**THE PROBLEM**: Take the line that contains "Deschutes River Cros - Residential" and each line after it to the end of the material below, and return them exactly, minus the pictures.

[[ THE DATA, beginning ]]

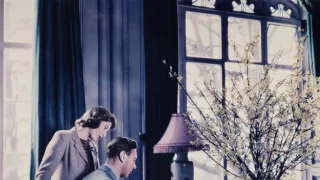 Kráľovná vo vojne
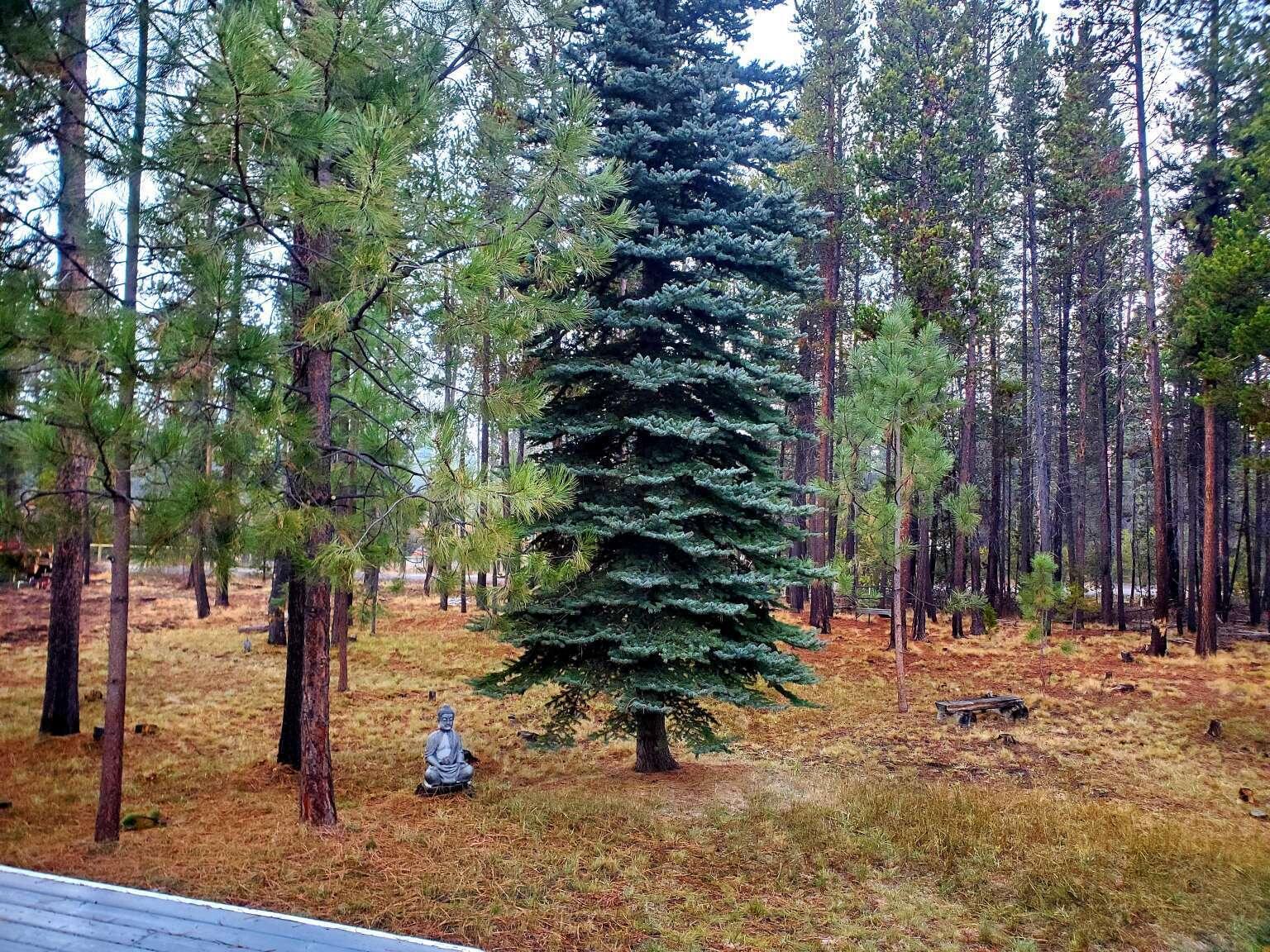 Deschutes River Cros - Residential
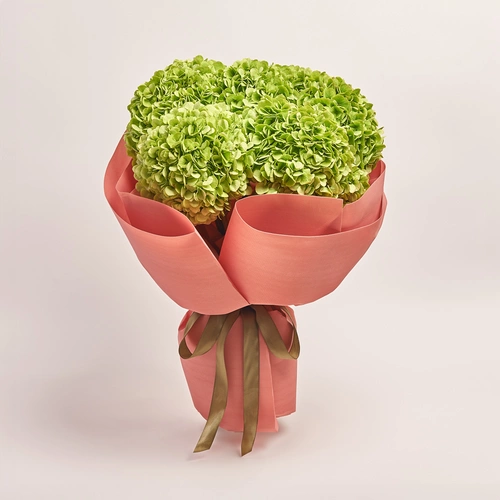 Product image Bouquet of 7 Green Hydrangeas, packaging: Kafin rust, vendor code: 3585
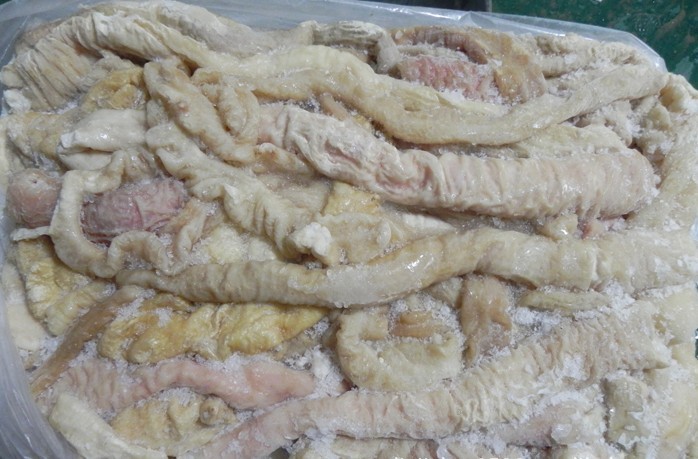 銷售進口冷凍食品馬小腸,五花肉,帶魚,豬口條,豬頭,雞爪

[[ THE DATA, end ]]

**RESULT FOR THIS TASK**:
 Deschutes River Cros - Residential
 Product image Bouquet of 7 Green Hydrangeas, packaging: Kafin rust, vendor code: 3585
 銷售進口冷凍食品馬小腸,五花肉,帶魚,豬口條,豬頭,雞爪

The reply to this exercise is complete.